The 2024 Social Security budget adopted a year ago included a provision allowing the National Medicines Safety Agency (ANSM) to authorize the sale in France of cannabis-based medicines, thus paving the way for a generalization of the use of these products.
This green light was based in particular on the favorable results of an experiment since 2021, which today still concerns more than 1,800 patients using these drugs, and which must end on December 31.
But the executive has not taken the necessary regulatory texts to apply this provision, and patients and doctors “risk finding themselves in an impasse again” in 2025, explained Ludovic Rachou, president of the Union of industrial companies for the valorization of hemp extracts (Uivec).
According to him, the patients included in the experiment could no longer have access to the products “from January or February, when hospital pharmacies” will have reached the end of their stocks, he explained.
As for access to new patients, it will continue to be impossible, as has already been the case since the closure of the experiment on March 31.
Unrelieved pain
Faced with this situation, Uivec and doctors and patient associations are asking the government to use the 2025 Social Security draft budget to extend at the last minute the experiment underway since 2021. “Behind these deadlines, there are thousands of betrayed patients who see their hope of benefiting from new treatments slip away.

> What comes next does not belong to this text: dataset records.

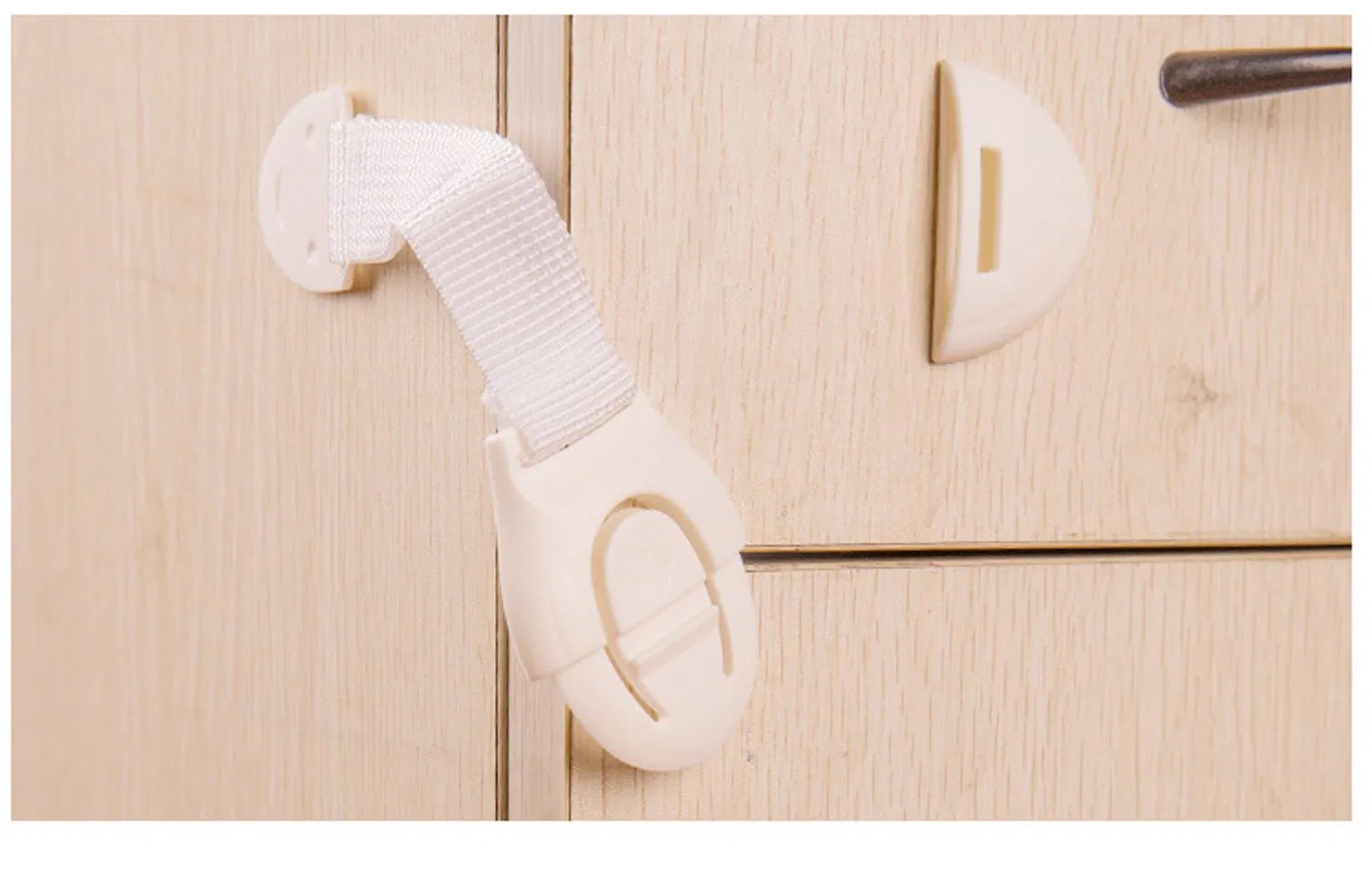 Child Safety Cabinet Proofing Safe Quick and Easy Cabinet Drawer Door Latches Baby Locks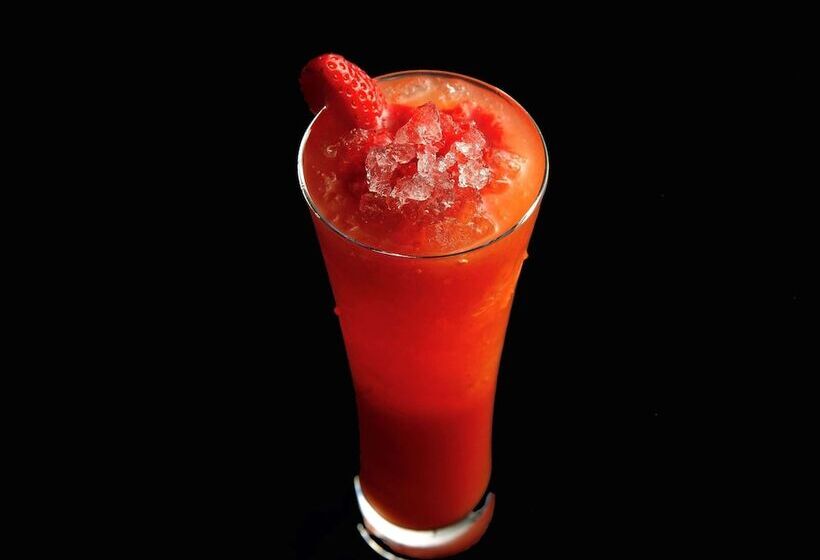 هتل Pullman Madrid Airport & Feria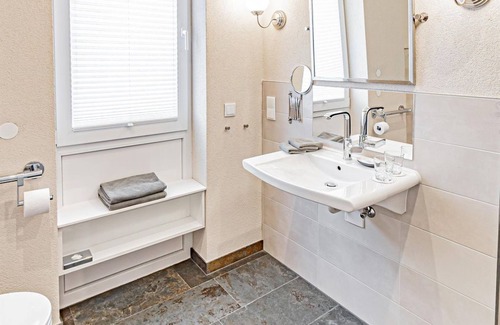 Langsur Bed & Breakfast | Komfort Doppelzimmer Barrierefrei - Weingut Johannishof
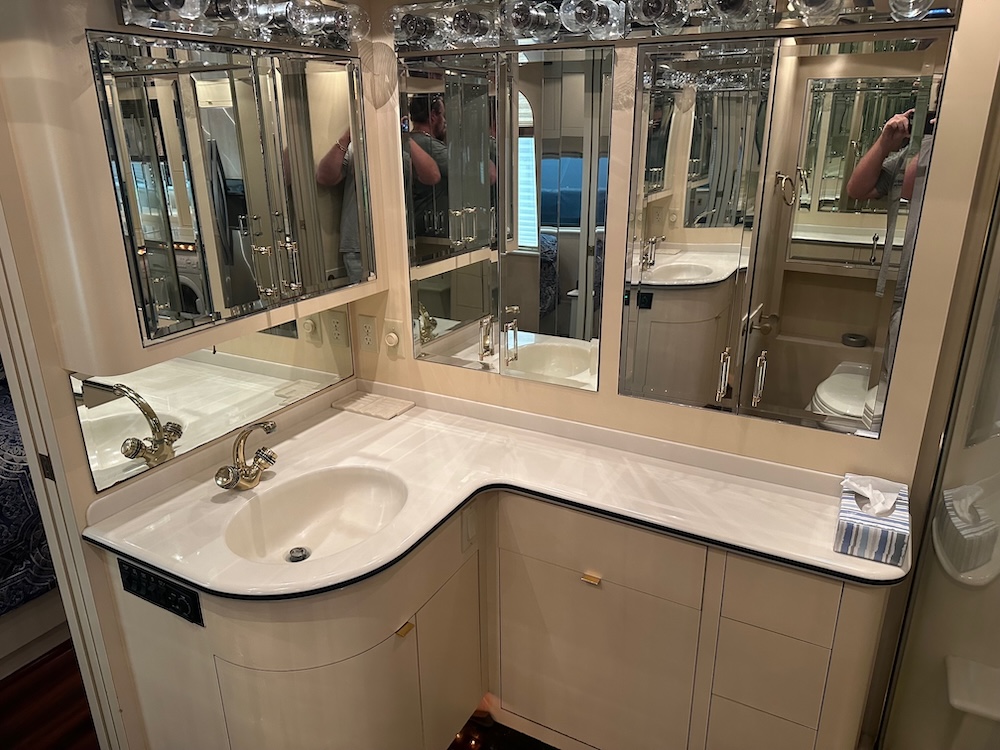 1998 Prevost FeatherliteXL For Sale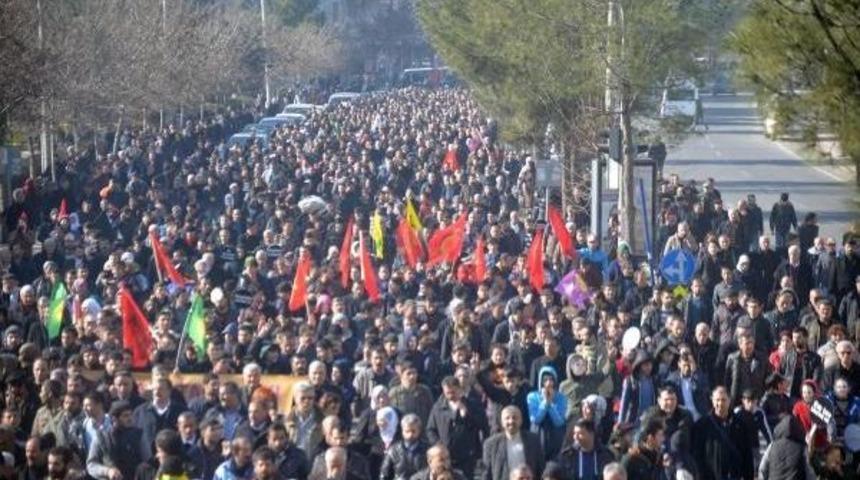 Diyarbakır'daki Cizre Y&uuml;r&uuml;y&uuml;ş&uuml;nde Trene Pkk Flaması Asıldı
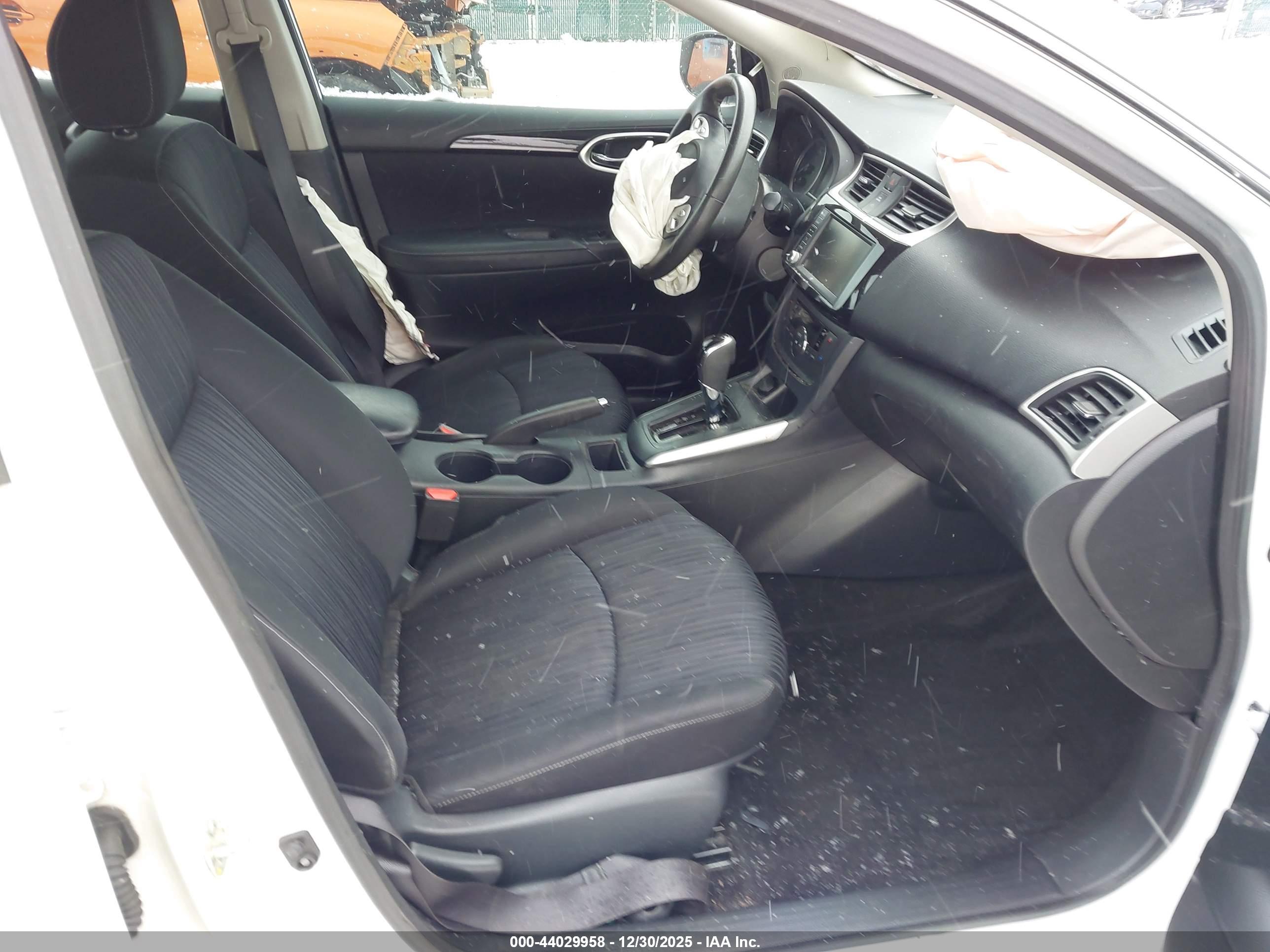 NISSAN SENTRA image 5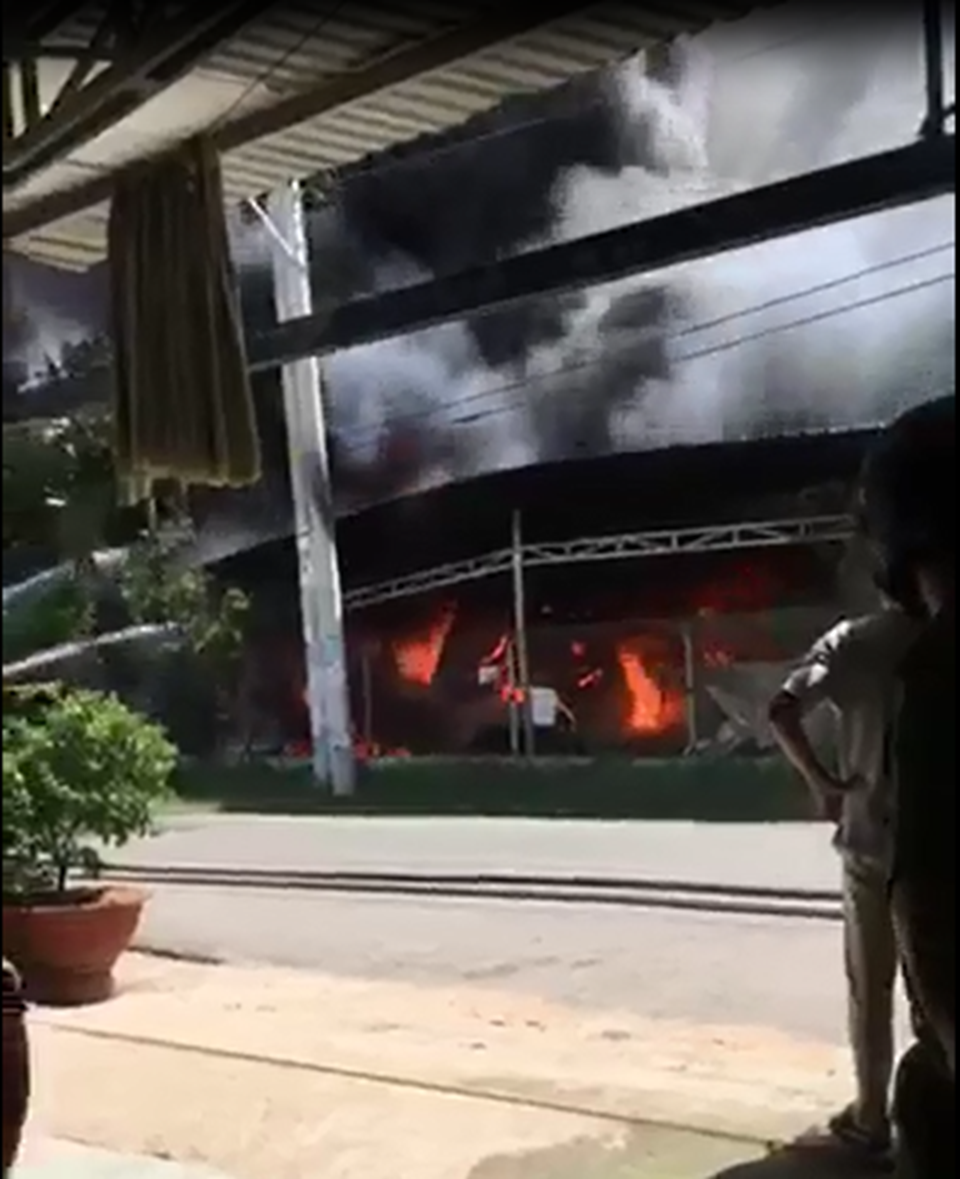 Vụ hỏa hoạn xảy ra ở một cơ sở tái chế phế liệu tại phường Thái Hòa, thị xã Tân Uyên, Bình Dương.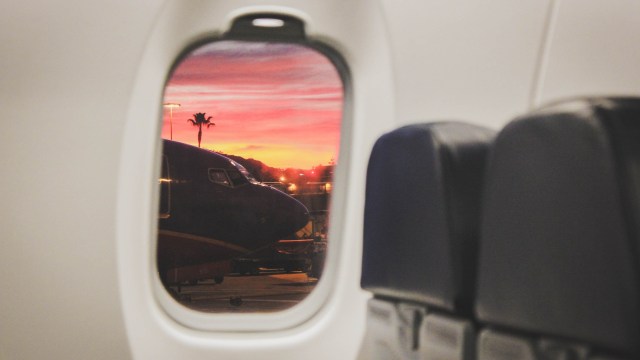 Jendela Pesawat Foto: Pexels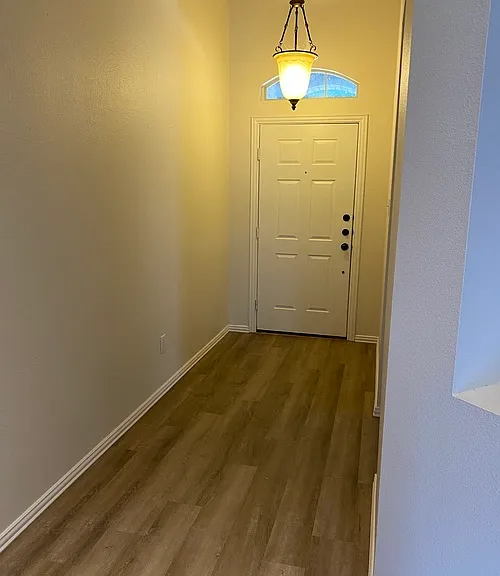 5205 Crossvine Ln — Photo 2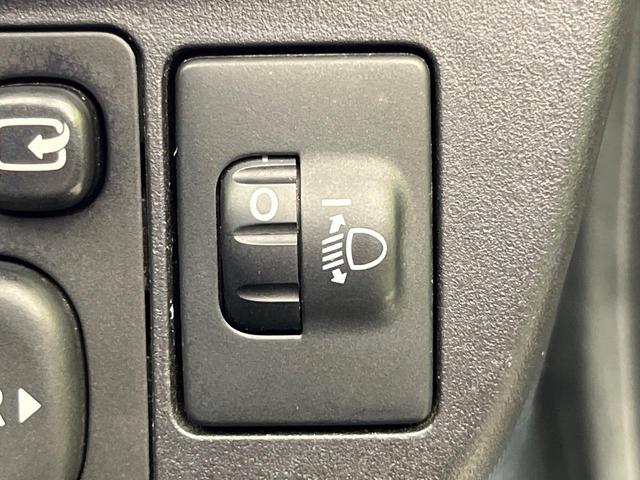 アクア Ｓ　純正ナビ　バックカメラ　禁煙車　スマートキー　オートライト　オートエアコン　Ｂｌｕｅｔｏｏｔｈ　ＣＤ　地デジ　シートリフター　プライバシーガラス　４スピーカー（51枚目）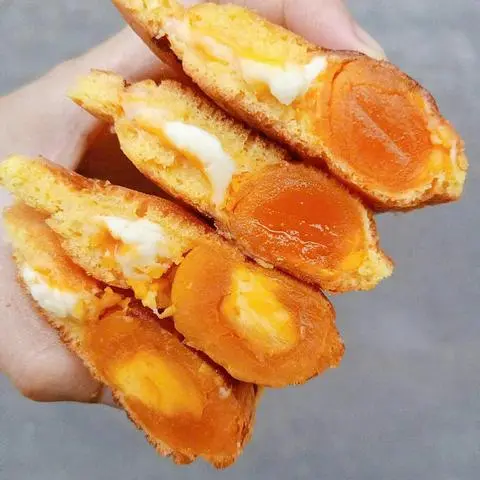 Hình ảnh Hotdog trứng phô mai tan chảy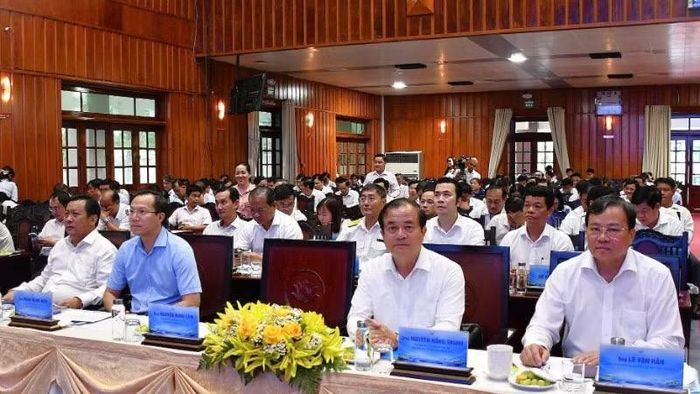 Lãnh đạo tỉnh và xã nghe báo cáo tham luận của Sở Tài chính.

It is the patients, already suffering, who are forced to suffer the consequences,” deplore around fifteen doctors and around ten patient associations, in a letter to the Minister of Health sent by the Uivec.
“How can we explain that in France, a Social Security country, we are incapable of following the example of the 22 countries of the European Union which have already authorized medical cannabis? », they ask.
Therapeutic cannabis is used to improve the quality of life of patients who suffer from pain not relieved by other medications. It can be used in particular in cases of cancer, multiple sclerosis, epilepsy or rare diseases. The therapeutic benefit of cannabis is subject to debate, and both the Academy of Medicine and the Academy of Pharmacy have criticized its experimentation.